Mangrove forests with higher species diversity store more carbon, according to new research published in the British Ecological Society journal Functional Ecology.
Researchers studying mangrove forests in Hainan Island, China, have found that species diversity in mangrove forests increases both biomass production (the amount of organic matter) and soil carbon storage. The findings highlight the importance of biodiversity conservation in mangrove forests as a natural solution to mitigate climate change.
Biodiversity or biological diversity is a term that describes the diversity of living organisms on Earth and the degree to which life has changed. Biodiversity includes microorganisms, plants, animals, and ecosystems such as coral reefs, forests, deserts, etc. Biodiversity is everything from towering trees to tiny unicellular algae that cannot be seen without a microscope.
In the process, scientists discovered that the eastern side of the island has the highest biodiversity of mangrove forests. At the same time, in such forests, the highest rate of carbon accumulation is on average 537 tons of carbon per hectare (Mg / ha-1, Mg per ha-1). At the same time, the average value in Hainan Island is 328 Mg / ha-1, and worldwide for mangrove forests – 386 Mg/ha-1.
This is the first work based on intensive field research to test the positive effects of biodiversity on mangrove biomass and carbon storage.

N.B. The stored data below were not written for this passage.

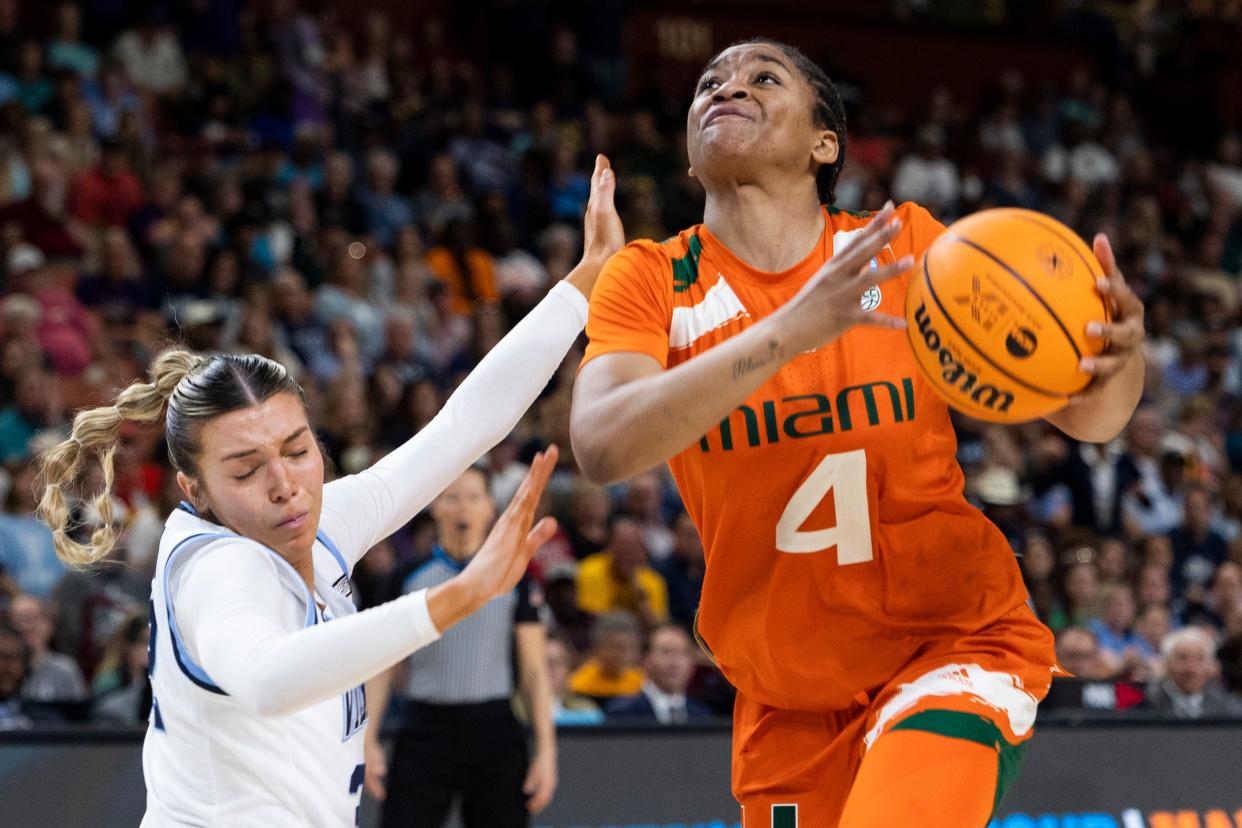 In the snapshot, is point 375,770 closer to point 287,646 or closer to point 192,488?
point 192,488

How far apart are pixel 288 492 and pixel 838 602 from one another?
3.66 ft

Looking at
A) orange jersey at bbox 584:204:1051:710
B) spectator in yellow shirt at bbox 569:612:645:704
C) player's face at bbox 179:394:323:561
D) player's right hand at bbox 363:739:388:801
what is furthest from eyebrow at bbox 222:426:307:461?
spectator in yellow shirt at bbox 569:612:645:704

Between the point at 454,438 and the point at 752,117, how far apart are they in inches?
37.0

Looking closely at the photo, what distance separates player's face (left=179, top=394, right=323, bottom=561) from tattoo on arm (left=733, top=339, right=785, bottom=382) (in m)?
0.80

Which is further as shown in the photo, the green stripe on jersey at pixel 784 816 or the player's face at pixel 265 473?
the green stripe on jersey at pixel 784 816

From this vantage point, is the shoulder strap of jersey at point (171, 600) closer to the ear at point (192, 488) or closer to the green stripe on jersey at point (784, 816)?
the ear at point (192, 488)

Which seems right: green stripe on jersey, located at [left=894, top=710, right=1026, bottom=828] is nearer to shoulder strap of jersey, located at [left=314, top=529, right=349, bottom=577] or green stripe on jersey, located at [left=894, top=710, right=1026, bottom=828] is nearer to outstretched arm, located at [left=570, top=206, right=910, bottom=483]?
outstretched arm, located at [left=570, top=206, right=910, bottom=483]

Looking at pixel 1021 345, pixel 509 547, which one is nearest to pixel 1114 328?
pixel 1021 345

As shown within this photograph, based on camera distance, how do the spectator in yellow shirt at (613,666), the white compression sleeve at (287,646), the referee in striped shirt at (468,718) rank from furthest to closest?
1. the spectator in yellow shirt at (613,666)
2. the referee in striped shirt at (468,718)
3. the white compression sleeve at (287,646)

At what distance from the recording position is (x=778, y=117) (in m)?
3.51

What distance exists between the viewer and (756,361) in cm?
285

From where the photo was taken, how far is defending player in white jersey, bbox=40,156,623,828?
2631mm

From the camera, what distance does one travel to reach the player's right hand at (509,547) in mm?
2688

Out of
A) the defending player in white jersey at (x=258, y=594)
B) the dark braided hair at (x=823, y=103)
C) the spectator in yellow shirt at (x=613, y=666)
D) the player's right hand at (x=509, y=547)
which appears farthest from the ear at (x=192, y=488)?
the spectator in yellow shirt at (x=613, y=666) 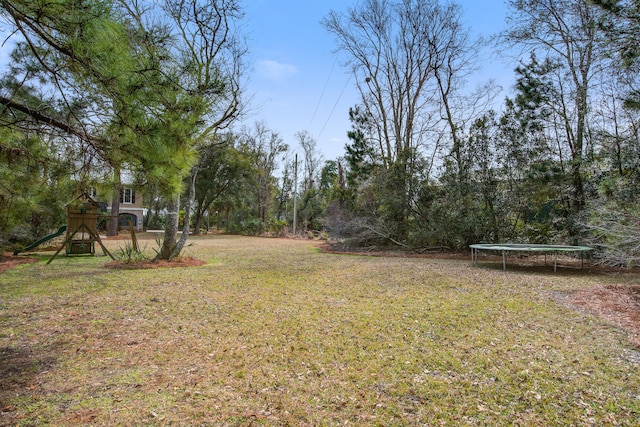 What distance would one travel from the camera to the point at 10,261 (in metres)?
7.85

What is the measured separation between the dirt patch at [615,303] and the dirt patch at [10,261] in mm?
10266

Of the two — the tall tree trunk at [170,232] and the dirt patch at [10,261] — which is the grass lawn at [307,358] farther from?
the tall tree trunk at [170,232]

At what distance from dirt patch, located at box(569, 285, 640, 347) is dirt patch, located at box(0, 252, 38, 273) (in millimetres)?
10266

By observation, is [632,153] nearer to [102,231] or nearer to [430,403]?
[430,403]

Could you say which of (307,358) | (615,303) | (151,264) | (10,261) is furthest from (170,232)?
(615,303)

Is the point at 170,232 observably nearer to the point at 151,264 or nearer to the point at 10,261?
the point at 151,264

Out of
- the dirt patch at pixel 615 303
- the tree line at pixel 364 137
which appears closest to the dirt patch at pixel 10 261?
the tree line at pixel 364 137

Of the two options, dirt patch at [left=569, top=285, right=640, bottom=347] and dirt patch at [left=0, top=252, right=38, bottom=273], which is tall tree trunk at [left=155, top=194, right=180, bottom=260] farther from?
dirt patch at [left=569, top=285, right=640, bottom=347]

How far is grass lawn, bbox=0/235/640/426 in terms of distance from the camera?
202cm

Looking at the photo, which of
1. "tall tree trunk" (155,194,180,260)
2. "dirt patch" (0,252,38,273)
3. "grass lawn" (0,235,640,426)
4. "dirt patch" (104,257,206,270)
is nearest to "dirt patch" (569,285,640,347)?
"grass lawn" (0,235,640,426)

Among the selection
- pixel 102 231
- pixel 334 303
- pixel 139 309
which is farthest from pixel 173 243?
pixel 102 231

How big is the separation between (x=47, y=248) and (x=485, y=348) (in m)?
12.8

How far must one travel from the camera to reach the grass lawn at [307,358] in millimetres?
2016

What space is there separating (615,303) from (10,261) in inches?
469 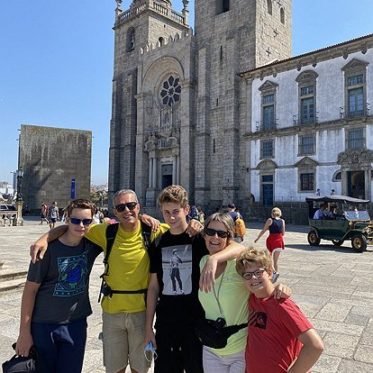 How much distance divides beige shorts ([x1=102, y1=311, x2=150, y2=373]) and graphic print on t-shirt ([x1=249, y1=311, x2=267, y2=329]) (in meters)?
1.00

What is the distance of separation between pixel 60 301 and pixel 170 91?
3521 cm

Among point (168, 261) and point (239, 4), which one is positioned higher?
point (239, 4)

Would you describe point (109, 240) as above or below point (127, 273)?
above

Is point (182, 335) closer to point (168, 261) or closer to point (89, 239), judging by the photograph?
point (168, 261)

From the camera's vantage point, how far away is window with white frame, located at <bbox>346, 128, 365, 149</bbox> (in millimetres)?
24281

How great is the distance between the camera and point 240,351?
91.3 inches

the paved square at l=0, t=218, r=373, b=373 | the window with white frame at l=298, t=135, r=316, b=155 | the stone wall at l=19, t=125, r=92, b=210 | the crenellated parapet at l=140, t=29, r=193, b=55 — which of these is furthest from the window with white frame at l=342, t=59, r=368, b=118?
the stone wall at l=19, t=125, r=92, b=210

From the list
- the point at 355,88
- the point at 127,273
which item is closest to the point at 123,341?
the point at 127,273

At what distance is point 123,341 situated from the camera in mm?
2869

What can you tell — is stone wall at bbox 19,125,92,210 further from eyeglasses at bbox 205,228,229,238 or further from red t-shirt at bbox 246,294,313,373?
red t-shirt at bbox 246,294,313,373

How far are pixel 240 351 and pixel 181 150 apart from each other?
31.3 metres

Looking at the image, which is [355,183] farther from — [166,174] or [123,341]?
[123,341]

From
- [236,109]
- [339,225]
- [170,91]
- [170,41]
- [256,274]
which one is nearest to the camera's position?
[256,274]

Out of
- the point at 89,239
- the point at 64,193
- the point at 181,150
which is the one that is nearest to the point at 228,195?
the point at 181,150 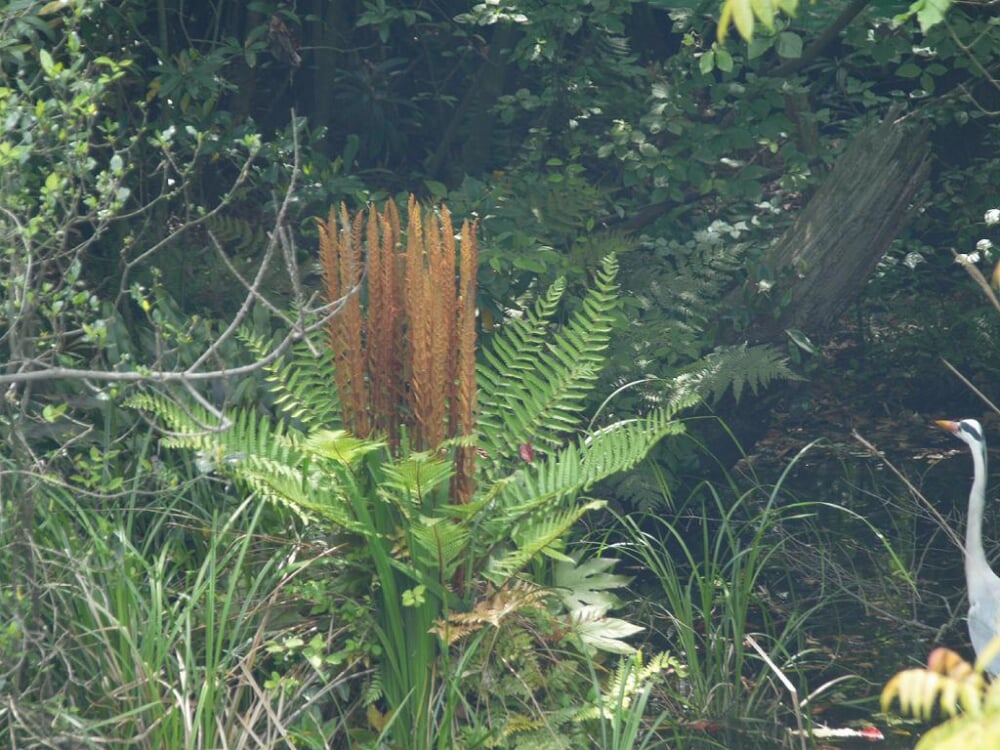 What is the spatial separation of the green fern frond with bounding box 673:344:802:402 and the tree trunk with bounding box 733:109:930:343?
2.87ft

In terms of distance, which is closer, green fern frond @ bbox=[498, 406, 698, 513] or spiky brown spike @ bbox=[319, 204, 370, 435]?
spiky brown spike @ bbox=[319, 204, 370, 435]

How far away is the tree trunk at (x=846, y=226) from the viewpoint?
21.8 ft

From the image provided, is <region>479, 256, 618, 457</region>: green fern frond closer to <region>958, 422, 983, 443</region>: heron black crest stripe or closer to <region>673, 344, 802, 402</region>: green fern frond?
<region>958, 422, 983, 443</region>: heron black crest stripe

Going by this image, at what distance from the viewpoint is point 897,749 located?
3986 millimetres

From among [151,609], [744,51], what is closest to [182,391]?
[151,609]

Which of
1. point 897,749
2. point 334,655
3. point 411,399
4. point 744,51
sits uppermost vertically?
point 744,51

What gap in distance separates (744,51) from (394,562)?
14.3ft

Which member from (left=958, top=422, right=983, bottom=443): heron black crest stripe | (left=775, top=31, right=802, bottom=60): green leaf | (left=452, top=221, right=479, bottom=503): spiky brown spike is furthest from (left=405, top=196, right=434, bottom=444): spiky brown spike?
(left=775, top=31, right=802, bottom=60): green leaf

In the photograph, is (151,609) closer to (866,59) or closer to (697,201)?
(697,201)

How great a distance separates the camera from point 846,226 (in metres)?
6.66

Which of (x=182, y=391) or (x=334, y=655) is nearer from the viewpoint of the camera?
(x=334, y=655)

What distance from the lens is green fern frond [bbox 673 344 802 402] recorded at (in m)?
5.79

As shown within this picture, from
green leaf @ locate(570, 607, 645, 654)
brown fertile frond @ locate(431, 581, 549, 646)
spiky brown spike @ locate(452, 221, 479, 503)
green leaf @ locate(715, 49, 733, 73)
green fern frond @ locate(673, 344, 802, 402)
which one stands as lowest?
green fern frond @ locate(673, 344, 802, 402)

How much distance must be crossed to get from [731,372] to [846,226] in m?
1.34
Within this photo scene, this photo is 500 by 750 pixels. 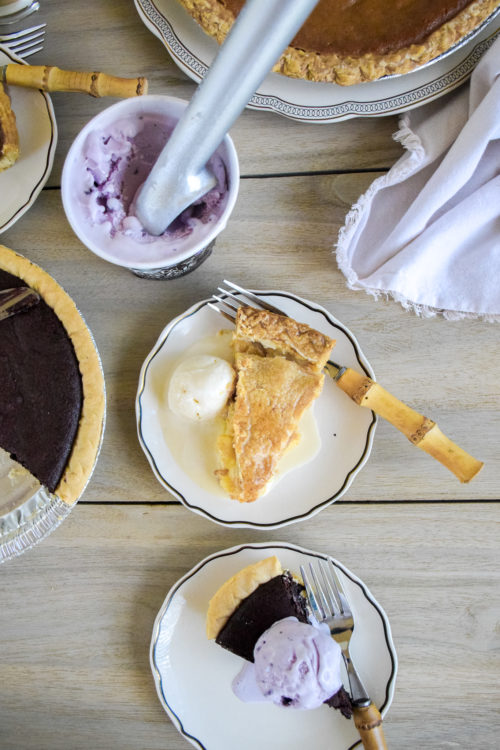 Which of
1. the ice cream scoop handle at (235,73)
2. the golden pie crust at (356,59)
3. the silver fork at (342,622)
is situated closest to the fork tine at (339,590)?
the silver fork at (342,622)

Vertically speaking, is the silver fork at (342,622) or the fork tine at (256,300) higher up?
the fork tine at (256,300)

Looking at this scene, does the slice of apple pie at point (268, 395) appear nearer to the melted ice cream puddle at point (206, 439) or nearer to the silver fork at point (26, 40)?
the melted ice cream puddle at point (206, 439)

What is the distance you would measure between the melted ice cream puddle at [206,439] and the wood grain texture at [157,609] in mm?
108

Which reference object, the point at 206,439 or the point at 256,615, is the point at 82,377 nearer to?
the point at 206,439

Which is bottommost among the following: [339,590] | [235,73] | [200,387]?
[339,590]

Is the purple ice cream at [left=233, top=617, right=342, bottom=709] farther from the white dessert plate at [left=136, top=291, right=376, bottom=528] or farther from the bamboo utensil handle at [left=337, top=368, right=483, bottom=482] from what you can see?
the bamboo utensil handle at [left=337, top=368, right=483, bottom=482]

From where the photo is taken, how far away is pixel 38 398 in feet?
3.37

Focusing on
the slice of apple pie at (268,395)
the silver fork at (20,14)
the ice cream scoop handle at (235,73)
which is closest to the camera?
the ice cream scoop handle at (235,73)

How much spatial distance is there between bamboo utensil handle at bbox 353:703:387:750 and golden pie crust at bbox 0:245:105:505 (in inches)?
24.4

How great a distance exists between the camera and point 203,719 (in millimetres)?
1140

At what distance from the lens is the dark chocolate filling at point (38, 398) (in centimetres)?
102

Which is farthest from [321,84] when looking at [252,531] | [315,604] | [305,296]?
[315,604]

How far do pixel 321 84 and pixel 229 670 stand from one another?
1.10 meters

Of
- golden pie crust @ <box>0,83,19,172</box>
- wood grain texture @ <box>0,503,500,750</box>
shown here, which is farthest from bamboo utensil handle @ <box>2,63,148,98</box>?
wood grain texture @ <box>0,503,500,750</box> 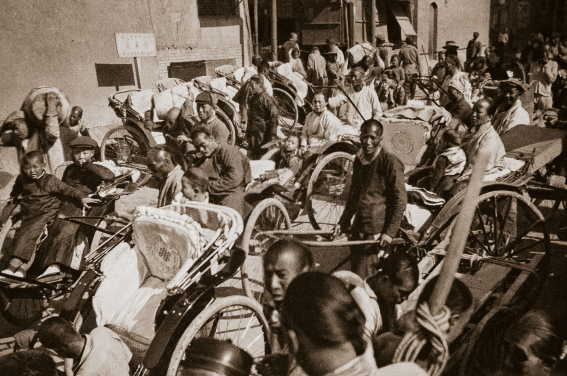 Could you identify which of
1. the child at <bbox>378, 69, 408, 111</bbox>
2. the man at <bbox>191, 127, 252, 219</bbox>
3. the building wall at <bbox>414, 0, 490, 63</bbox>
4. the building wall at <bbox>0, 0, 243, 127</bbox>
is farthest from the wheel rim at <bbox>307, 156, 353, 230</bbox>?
the building wall at <bbox>414, 0, 490, 63</bbox>

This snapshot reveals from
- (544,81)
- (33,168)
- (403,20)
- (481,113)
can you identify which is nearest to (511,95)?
(481,113)

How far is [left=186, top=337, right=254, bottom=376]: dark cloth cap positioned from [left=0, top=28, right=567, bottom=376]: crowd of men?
34 millimetres

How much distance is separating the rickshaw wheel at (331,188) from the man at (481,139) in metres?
1.61

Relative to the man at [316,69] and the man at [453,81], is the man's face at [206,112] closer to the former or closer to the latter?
the man at [453,81]

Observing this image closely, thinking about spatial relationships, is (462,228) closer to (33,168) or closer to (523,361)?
(523,361)

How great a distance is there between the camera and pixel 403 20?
69.5 ft

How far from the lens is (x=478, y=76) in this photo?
14.4 m

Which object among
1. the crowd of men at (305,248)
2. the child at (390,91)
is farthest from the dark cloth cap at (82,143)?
the child at (390,91)

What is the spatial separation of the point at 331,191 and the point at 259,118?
2.08 m

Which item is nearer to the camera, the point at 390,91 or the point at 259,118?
the point at 259,118

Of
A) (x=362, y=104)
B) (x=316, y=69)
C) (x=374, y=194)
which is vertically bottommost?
(x=374, y=194)

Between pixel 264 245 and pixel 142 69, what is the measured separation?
7745 mm

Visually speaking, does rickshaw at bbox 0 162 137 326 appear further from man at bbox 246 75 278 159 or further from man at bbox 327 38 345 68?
man at bbox 327 38 345 68

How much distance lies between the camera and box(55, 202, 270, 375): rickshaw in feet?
10.8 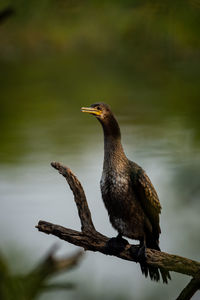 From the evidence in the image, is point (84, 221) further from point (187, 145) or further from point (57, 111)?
point (57, 111)

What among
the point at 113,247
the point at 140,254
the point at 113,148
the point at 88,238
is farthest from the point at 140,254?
the point at 113,148

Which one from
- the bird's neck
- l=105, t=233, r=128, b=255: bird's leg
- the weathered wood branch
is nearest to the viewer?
the weathered wood branch

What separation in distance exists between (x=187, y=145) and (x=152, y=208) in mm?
679

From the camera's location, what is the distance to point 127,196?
89.9 inches

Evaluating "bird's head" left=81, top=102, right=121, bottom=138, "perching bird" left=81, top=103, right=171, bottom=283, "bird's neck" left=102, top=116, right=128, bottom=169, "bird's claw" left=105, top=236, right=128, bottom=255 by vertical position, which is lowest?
"bird's claw" left=105, top=236, right=128, bottom=255

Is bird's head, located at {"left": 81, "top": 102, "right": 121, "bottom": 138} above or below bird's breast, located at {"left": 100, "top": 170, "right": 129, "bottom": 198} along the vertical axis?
above

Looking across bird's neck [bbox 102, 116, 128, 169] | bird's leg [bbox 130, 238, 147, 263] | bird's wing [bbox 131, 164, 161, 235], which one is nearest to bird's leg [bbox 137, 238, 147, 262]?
bird's leg [bbox 130, 238, 147, 263]

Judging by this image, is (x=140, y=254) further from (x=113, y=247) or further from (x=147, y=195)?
(x=147, y=195)

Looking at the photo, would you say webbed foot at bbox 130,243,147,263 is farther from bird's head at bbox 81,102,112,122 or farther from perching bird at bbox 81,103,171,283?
bird's head at bbox 81,102,112,122

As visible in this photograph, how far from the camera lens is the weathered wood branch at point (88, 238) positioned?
6.60 ft

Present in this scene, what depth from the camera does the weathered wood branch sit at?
6.60 ft

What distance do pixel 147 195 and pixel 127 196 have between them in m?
0.10

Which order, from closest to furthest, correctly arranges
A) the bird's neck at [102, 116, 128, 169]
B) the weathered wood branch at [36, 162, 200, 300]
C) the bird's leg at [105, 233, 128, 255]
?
the weathered wood branch at [36, 162, 200, 300]
the bird's leg at [105, 233, 128, 255]
the bird's neck at [102, 116, 128, 169]

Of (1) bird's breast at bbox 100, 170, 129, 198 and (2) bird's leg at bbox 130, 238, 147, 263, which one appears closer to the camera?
(2) bird's leg at bbox 130, 238, 147, 263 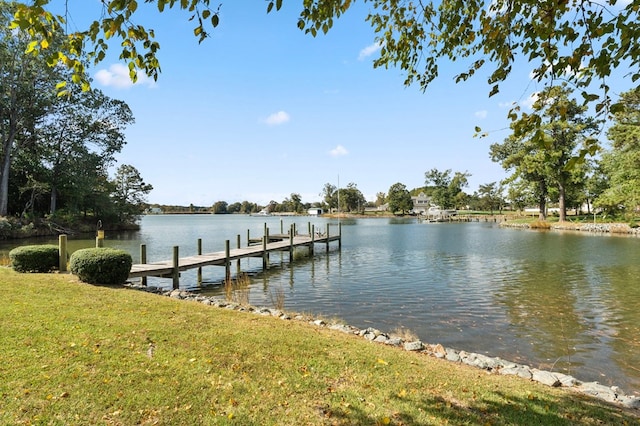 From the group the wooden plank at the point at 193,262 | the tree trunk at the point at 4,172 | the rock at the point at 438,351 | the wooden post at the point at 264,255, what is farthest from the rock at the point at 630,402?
the tree trunk at the point at 4,172

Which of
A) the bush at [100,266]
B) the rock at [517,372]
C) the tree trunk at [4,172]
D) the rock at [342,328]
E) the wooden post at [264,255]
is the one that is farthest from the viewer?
the tree trunk at [4,172]

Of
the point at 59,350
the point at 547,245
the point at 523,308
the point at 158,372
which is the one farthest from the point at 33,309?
the point at 547,245

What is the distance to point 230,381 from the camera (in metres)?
4.95

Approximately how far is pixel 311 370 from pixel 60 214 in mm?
45561

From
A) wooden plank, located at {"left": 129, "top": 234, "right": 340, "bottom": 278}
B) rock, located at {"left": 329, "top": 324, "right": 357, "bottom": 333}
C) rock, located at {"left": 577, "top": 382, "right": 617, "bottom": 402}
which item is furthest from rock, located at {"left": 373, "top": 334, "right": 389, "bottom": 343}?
wooden plank, located at {"left": 129, "top": 234, "right": 340, "bottom": 278}

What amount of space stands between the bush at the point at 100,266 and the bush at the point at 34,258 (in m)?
1.98

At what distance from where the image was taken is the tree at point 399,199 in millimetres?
119188

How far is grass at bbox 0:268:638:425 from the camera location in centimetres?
419

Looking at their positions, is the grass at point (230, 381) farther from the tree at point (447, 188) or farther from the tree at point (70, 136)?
the tree at point (447, 188)

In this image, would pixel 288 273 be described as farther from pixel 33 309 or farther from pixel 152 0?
pixel 152 0

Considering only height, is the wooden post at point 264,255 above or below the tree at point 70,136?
below

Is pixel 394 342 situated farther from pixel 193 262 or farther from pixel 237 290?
pixel 193 262

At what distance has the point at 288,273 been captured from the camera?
20.9m

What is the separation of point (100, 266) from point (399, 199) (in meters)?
113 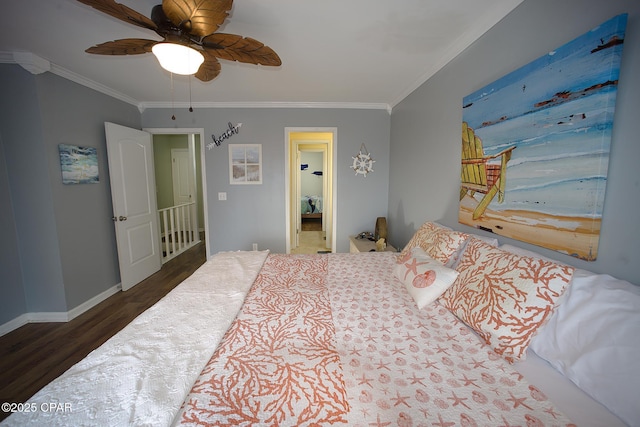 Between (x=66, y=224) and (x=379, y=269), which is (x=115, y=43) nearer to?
(x=66, y=224)

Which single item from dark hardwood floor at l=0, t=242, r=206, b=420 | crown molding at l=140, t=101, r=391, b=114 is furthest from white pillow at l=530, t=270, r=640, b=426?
crown molding at l=140, t=101, r=391, b=114

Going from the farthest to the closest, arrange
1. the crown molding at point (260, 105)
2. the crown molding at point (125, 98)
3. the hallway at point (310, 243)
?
the hallway at point (310, 243) < the crown molding at point (260, 105) < the crown molding at point (125, 98)

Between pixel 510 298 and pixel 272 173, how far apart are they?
304 cm

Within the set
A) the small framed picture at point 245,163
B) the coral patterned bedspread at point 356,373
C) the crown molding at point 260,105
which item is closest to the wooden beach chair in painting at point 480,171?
the coral patterned bedspread at point 356,373

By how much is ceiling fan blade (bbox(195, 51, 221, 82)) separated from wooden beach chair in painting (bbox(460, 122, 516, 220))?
→ 69.5 inches

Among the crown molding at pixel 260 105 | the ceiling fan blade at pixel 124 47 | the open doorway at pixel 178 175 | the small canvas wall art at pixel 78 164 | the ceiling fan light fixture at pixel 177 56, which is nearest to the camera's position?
the ceiling fan light fixture at pixel 177 56

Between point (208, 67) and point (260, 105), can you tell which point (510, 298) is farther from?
point (260, 105)

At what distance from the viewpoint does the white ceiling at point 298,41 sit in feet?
4.95

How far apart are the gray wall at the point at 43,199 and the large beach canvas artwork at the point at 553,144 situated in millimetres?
3599

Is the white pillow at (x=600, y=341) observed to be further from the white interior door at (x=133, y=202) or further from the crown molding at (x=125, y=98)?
the white interior door at (x=133, y=202)

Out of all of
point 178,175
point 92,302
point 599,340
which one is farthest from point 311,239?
point 599,340

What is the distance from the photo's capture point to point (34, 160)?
7.32ft

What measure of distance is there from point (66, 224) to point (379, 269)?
302 centimetres

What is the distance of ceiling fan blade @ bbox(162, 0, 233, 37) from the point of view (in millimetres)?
1101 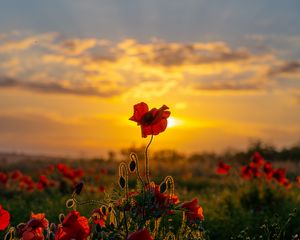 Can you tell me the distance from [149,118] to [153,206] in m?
0.57

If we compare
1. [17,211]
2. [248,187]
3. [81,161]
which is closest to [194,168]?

Mangroves are found in tropical regions and are one of the most carbon-rich ecosystems on the planet. There are over 70 different species around the world, 27 of which are found in 26 areas of China studied by researchers.
The researchers also found that areas with high soil nitrogen and annual rainfall have higher mangrove biomass and carbon storage potential.
The results of the study show that the greater the potential of mangrove forests, the greater their biodiversity. In addition to being better at storing carbon, the forests themselves are more resilient to external changes. Thus, the conservation of the biodiversity of mangrove forests is critical to ensure their ability to mitigate the effects of climate change.